Uit het medisch advies volgt dat klagers psychische behoeften in detentie kunnen worden ondervangen. Ten aanzien van het aspect van klagers fysieke gesteldheid, overweegt de beroepscommissie als volgt. De medisch adviseur heeft zich weliswaar uitgelaten over klagers ADL-functioneren en mobiliteit, maar heeft zich daarbij enkel gebaseerd op de informatie van de GGZE-psycholoog. Daaruit volgt dat de belemmeringen op fysiek gebied van grote invloed zijn op klagers functioneren en welbevinden. De informatie die is verstrekt door de GGZE-psycholoog ziet echter op de voortgang van klagers behandeling en niet zozeer op zijn fysieke klachten. Daardoor is het medisch advies inzake klagers fysieke gesteldheid, al dan niet in combinatie met zijn mentale gesteldheid, onvolledig.

 

De beroepscommissie is van oordeel dat bij de huisarts, al dan niet door tussenkomst van het ziekenhuis, nadere informatie dient te worden opgevraagd inzake klagers fysieke gesteldheid.

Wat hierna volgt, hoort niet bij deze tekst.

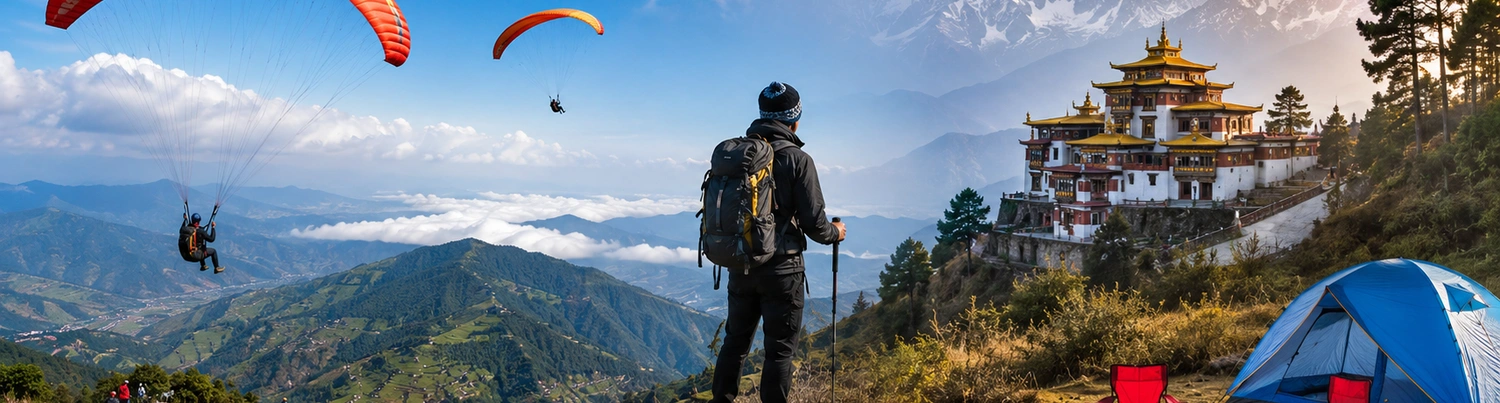 Bir Billing Adventure Gateway (2D/3N) - Soar High Above the Clouds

De beroepscommissie ziet geen reden om nadere informatie bij de GGZE-psycholoog in te laten winnen, gelet op het al thans afgegeven medische advies inzake de psychologische dan wel psychiatrische ondersteuning.

 

Gelet op het voorgaande is de bestreden beslissing onvoldoende gemotiveerd. De beroepscommissie zal het beroep daarom gegrond verklaren en de bestreden beslissing vernietigen. Zij zal verweerder opdragen een nieuwe beslissing te nemen met inachtneming van deze uitspraak, nadat de medisch adviseur bij de afdeling IMA (opnieuw) advies heeft uitgebracht. Tot die tijd hoeft klager zich dus niet te melden. De beroepscommissie ziet geen aanleiding om aan klager een tegemoetkoming toe te kennen.

 

4. De uitspraak

De beroepscommissie verklaart het beroep gegrond en vernietigt de bestreden beslissing. Zij draagt verweerder op een nieuwe beslissing te nemen met inachtneming van deze uitspraak, nadat de medisch adviseur bij de afdeling IMA advies heeft uitgebracht. Zij kent klager geen tegemoetkoming toe.

 

Deze uitspraak is op 16 juni 2021 gedaan door de beroepscommissie, bestaande uit mr. C. Fetter, voorzitter, mr. A. Jongsma en drs. M.R. van Veen, leden, bijgestaan door mr. S.F.J.H. Niederer, secretaris.